In particular, the group bonds half-heartedly over a fire and a bottle of rum, and it’s quite possibly my favorite scene in this entire franchise. (I’m almost extending that opinion to the AMC series, but not quite.) As with Clementine, we’ve grown up in this game by firing bullets and saving lives, but this evening of quiet time allows her to also grow up in other people’s eyes, as she takes her first drink of rum and has adult conversations. (The sex jokes about Luke and Jane roused a few genuine chuckles out of me.)

It’s also up to Clementine to keep Kenny in line with something that resembles sanity, a task that comes with no instruction booklet.
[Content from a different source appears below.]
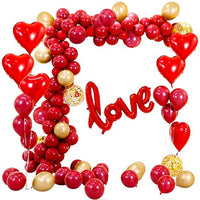 Party Propz Red and Gold Balloons, Ruby Red Balloons, Gold Confetti Balloons Heart Foil Balloons - 78Pcs for Red and Gold Party Decorations Party Decorations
He’s extremely impulsive, with violence as his only tie to humanity.

The Walking Dead game group is stuck with the young Russian boy Arvo, whom Kenny treats more like a slave than anything else, disbelieving the boy’s claims of supplies and food waiting ahead. But not everyone shares Kenny’s opinions on Arvo, and this leads to a second-act twist that I definitely didn’t see coming. It’s not a mystery twist—like “Kenny is actually a ghost”—but the narrative splinters off into a different path.

Honestly, there isn’t much else to say about this The Walking Dead game story without giving things away. Clementine (and you) is forced to make some hefty decisions, as there are something like nine different ways the game can end, depending on where your loyalties and motivations lie. Everything is guided by hope and the dependency that everything will somehow revert back to the way things were before, even though the “before” we’ve experienced has always been plagued with death and depression.

While we know a third season of The Walking Dead: The Game is coming from Telltale next year, there’s still no definite answer as to what state of mind Clementine will be in by that point. As the player, you just have to give her the best possible outcome that you can.

All in all, “No Coming Back” definitely contains some harrowing sequences and rather intense dialogue between Kenny and…everyone…but there is still more hope here than there has been in episodes past. Perhaps because there’s a baby around, or perhaps because the problems experienced were less about zombie bites and more about human decency.

Or maybe it’s because I also had my own bottle of rum while playing the game. Either way, this episode wraps up another solid season of The Walking Dead: The Game and I was able to walk away with a smile on my face, instead of a furrowed brow. Sometimes, that’s the only victory we can hope for.

Oh, and be sure and say hi to Lee for me, will you?